Johnny: I’m just tryin’ to blend in with the surroundings.
——–
Johnny: D’you dream in Scotch?
Archie: Eh?
Johnny: Like dream about sporran-clad, caber-tossing haggis galloping over porridge-covered glens?
Nihilism. Anarchy. Five minutes into re-watching Naked, I was asking myself why in the hell I would have chosen this movie to review. Ten minutes in, David Thewlis’s performance fully kicked in and I remembered. Thewlis’s Johnny is the bastard son of Oscar Wilde and Charles Bukowski and sweeps all before him with a whirlwind of verbal pyrotechnics (“diminishing pachyderm formations,” “ornithological mutilations”), cutting wit, barbed questions, loathing of self & others, and a staggering capacity to channel empathy and bile in the same breath.

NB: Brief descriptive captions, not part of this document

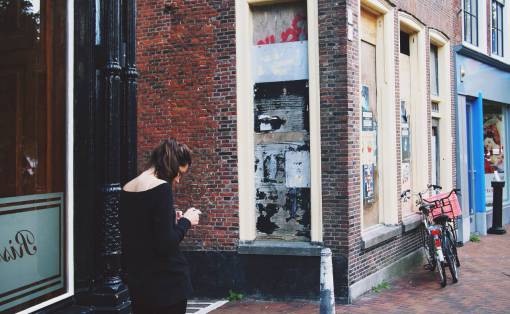 sidewalk girl  woman  texting  people  city  urban  bricks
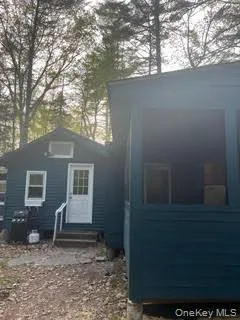 a backyard of a house with seating space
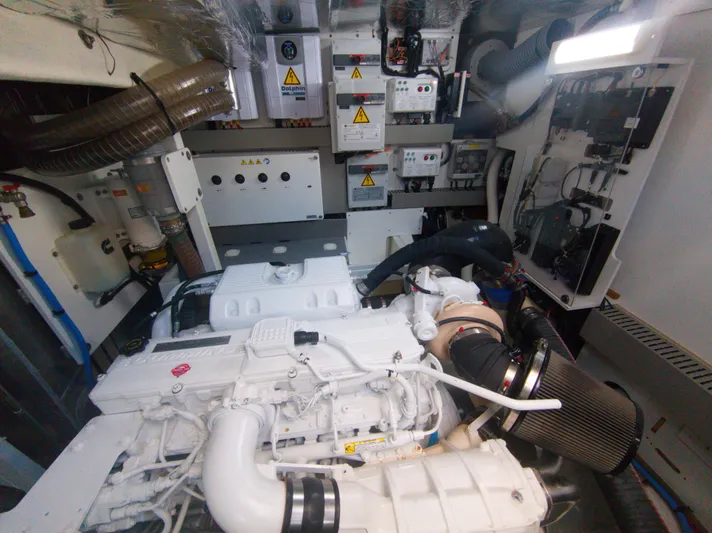  Yacht Photos Pics Engine room of 2022 Prestige 590 yacht, featuring advanced mechanical systems and components.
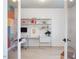 Bright office featuring a wall mounted shelving unit with desk, chair, and colorful accent wall at 705 Vine Pkwy, Pittsboro, NC 27312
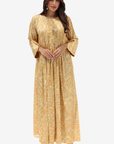 A woman modeling a long, loose-fitting golden-yellow dress with a subtle tonal floral pattern, three-quarter bell sleeves, and a round neckline, set against a plain light gray background.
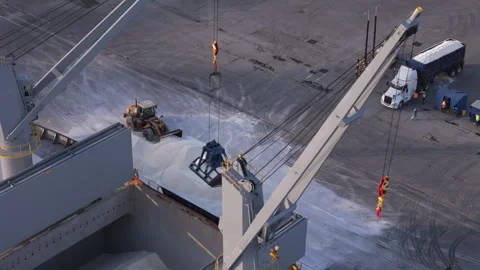 Crane loading bulk cargo of hydrated lime into a ship's hold at an industrial Stock Footage 345905345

He lives in an endless nightmarish present with no future, sustained by random encounters that are his only salvation from the mind-numbing boredom of trying to relate to pathetic creatures ignorant of their utter inconsequentiality in the face of the cosmos. In his own words, he’s a man who’s always got somewhere to go, but nowhere to stay. He’s a king’s Fool, and all four horsemen of the Apocalypse rolled into one. God help anyone with a fragile ego who happens to cross his path—he’s the therapist from hell. A session with Johnny is a likely lead-in to confusion, shame, despair, dismay, violence, and unemployment. Not only is there no silver lining, but the universe is going to piss on you every chance it gets. After all, what’s to say you haven’t already had the happiest moment of your life and it’s all downhill from here on? In a commentary on Naked, Neil Bute points out the David Thewlis gives a brilliant demonstration of acting as reaction to other characters, rather than action for its own sake.

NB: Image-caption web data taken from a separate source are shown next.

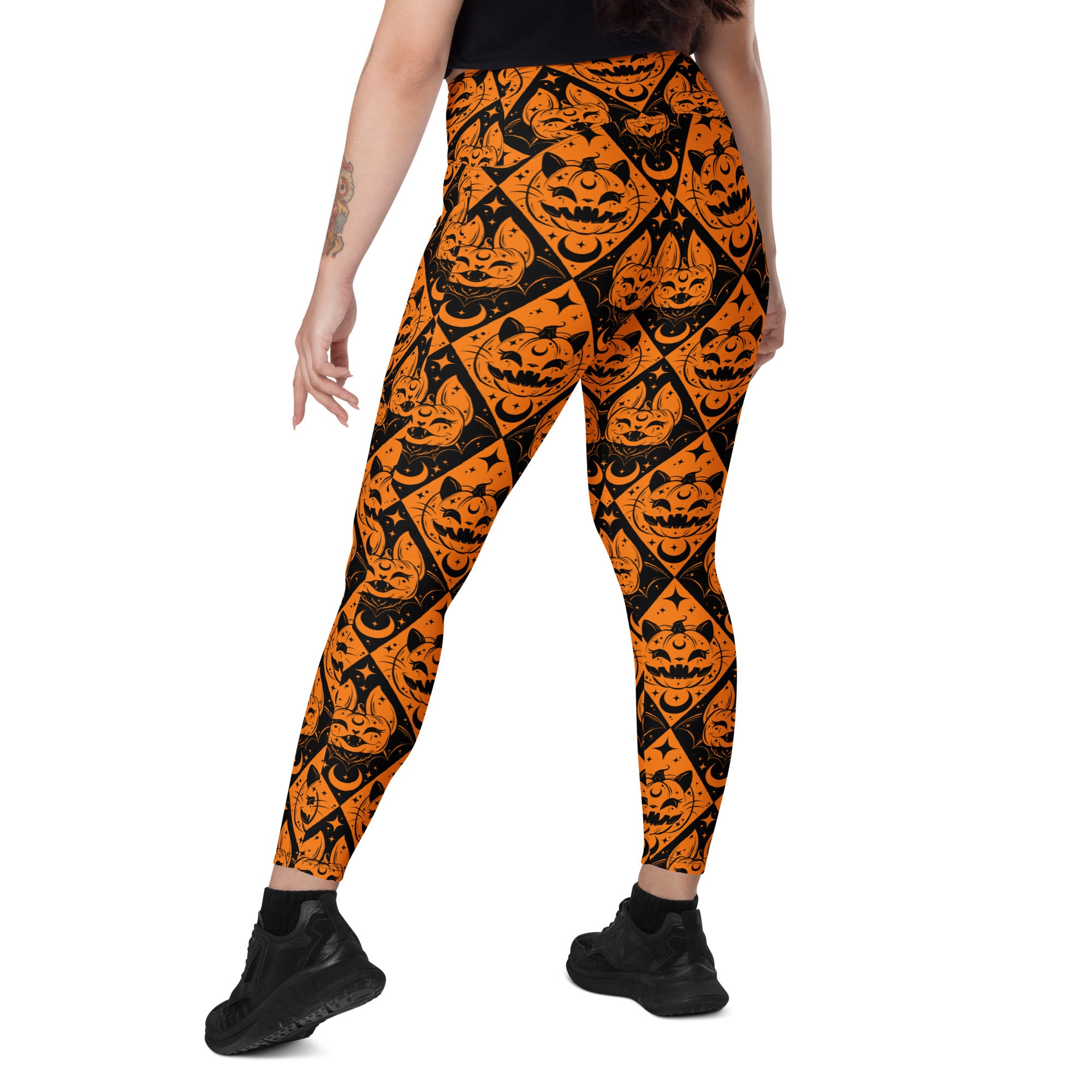 Printful Halloween cat and pumpkin crossover leggings with pockets, all-over print in white and black, featuring festive spooky designs.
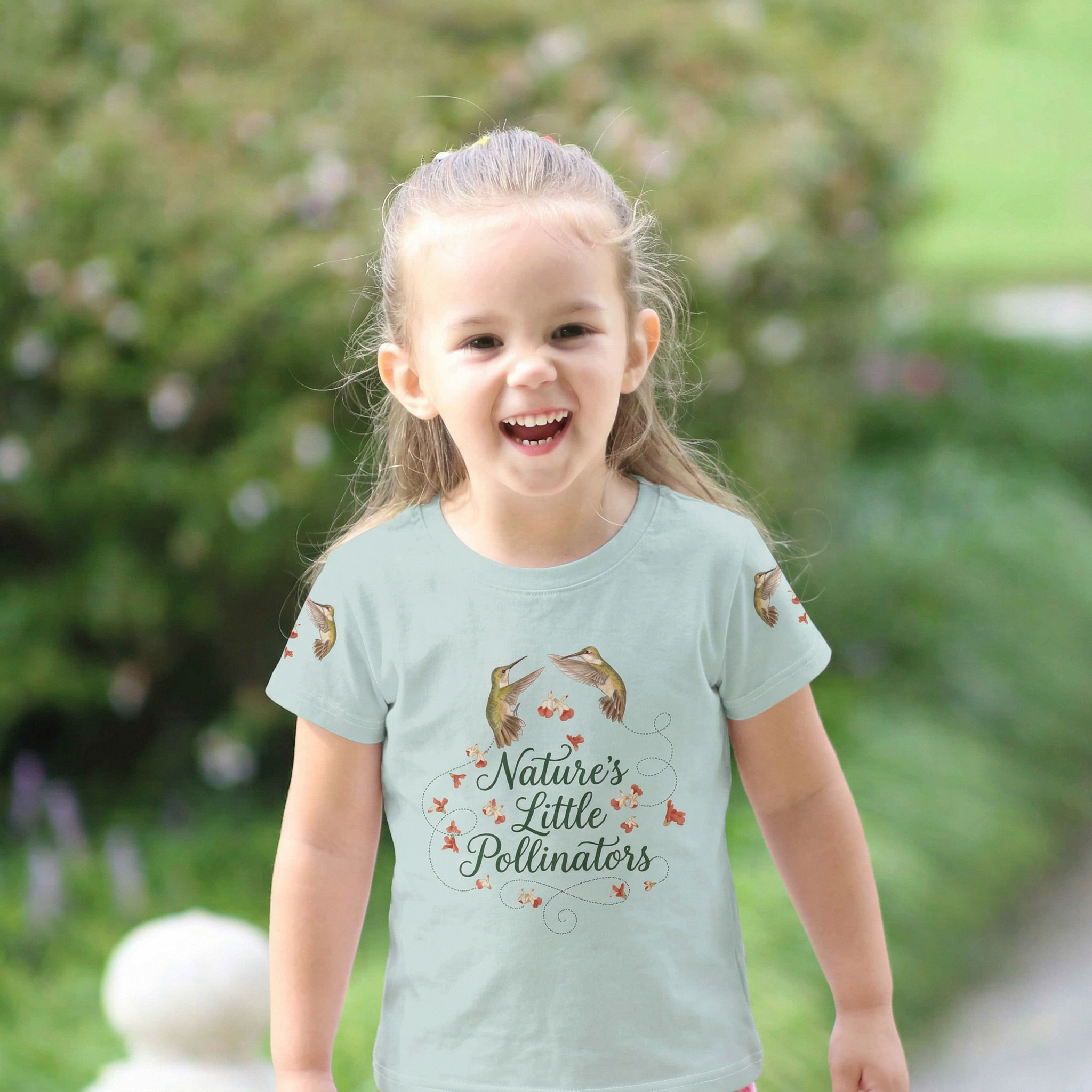 Child wearing a 'Nature's Little Pollinators' t-shirt outdoors Tinywing Tales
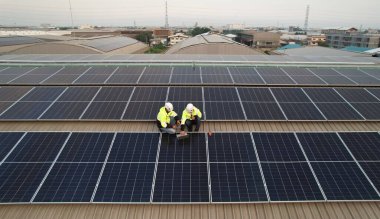Güneş çatısı kurulumu, PPE ve Harness güvenliği olan mühendis fabrikanın çatısına yeşil yenilenebilir enerji, güneş pilleri yerleştirin
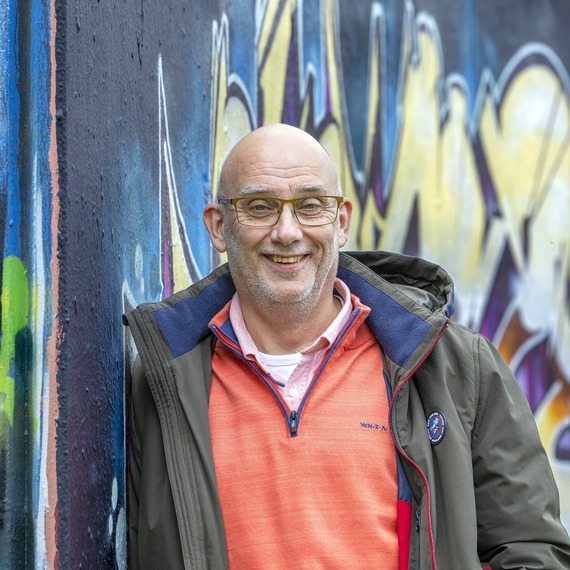 Een man die zich voor een muur met graffiti bevindt
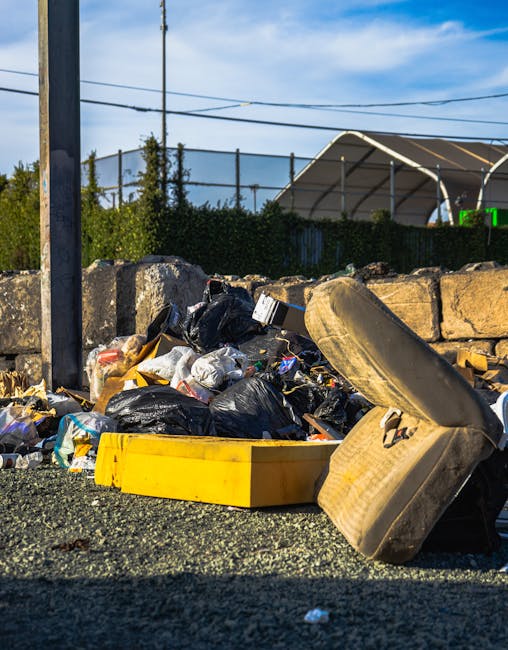 A large pile of black rubbish bags stacked against a building wall with orange graffiti text 'XEND' spray-painted on beige tiled surface. The bags are made of plastic, appear full and tightly tied, and some have visible creases and wrinkles. Among the bags, a few discarded plastic bottles are noticeable, with transparent and blue hues. The scene is outdoors, possibly on a city street or alleyway, with part of a metallic structure or column visible on the left side and cloudy skies overhead. The overall environment suggests an area awaiting rubbish collection or disposal, emphasizing the importance of alternative waste handling and private rubbish clearance services provided by Rubbish Clearance Bromley. The photographic lighting highlights the contrast between the dark rubbish bags and the lighter tiled background, capturing the clutter and disorder typical of unmanaged waste accumulation in urban settings.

I love the work of all of the actors in this film: Leslie Sharp’s no-nonsense, long-suffering Louise; Katrin Cartlidge’s walking-wounded Sophie; Ewan Bremner and Susan Vidler’s star-cursing lovers, Archie & Maggie; and Peter Wight’s hapless night watchman Brian. I’d also say something flattering about Greg Cruttwell as Jeremy, except I don’t really understand what he’s doing in this movie. It’s as if Christian Bale wandered into Leigh’s film from the set of American Psycho. Is there really a dramatic point to Jeremy, or was Leigh not quite sure that Thewlis, Sharp, and Cartlidge could carry the film on their own? As a study in sexual sadism, Jeremy is a movie unto himself. His every appearance in this one is merely a distraction from Thewlis’s main event.

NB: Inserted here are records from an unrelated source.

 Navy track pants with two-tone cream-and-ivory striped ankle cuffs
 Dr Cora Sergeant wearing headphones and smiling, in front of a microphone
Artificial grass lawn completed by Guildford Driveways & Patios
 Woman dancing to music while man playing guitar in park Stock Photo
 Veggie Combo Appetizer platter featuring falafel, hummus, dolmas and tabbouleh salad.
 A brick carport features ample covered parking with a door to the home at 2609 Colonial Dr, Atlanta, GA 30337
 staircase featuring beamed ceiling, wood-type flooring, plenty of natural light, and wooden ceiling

Leslie Sharp has had a solid career, and continues to work at the time I’m writing this (2020). Katrin Cartlidge career was cut short; she died in 2002, at age 41, from pneumonia and septicemia. Ewan Bremner has over 100 acting credits as of 2020. Susan Vidler has worked mainly in television. Peter Wight must be one of the hardest-working actors in England, with 147 credits on Imdb. Greg Cruttwell seems to have given up acting after 1997. David Thewlis is currently just shy of 100 credits and deserves to win a few more awards than he has. Director Mike Leigh has been nominated for seven Oscars, having made 9 feature films since Naked. Give the guy a break, already.
For me, the three highlights of Naked on this second viewing were Johnny’s monologue (linking Revelations, Nostradamus, wormwood, bar codes, Chernobyl, and Universal Consciousness) in Brian’s empty office building, his monologue on walls with Poster Man, and his final stumbling yet relentless walk off the screen at the end.
I was also impressed by Andrew Dickson’s minimalist score and Dick Pope’s cinematography. Pope manages to highlight Johnny’s humanity while unsparingly capturing an urban landscape of desolation, sterility, and tawdriness. Dickson has scored only 7 feature films, while Pope has 64 credits as cinematographer (including two Oscar nominations, for Mr. Turner and The Illusionist).
An ideal double bill: Naked and Bruce Robinson’s Withnail & I.
Worthwhile checking out, two Criterion Collection essays on Naked, available through Imdb’s External Reviews section. One essay is Derek Malcolm’s “Naked: Desperate Days”; the other is Ian Buruma’s “Naked.”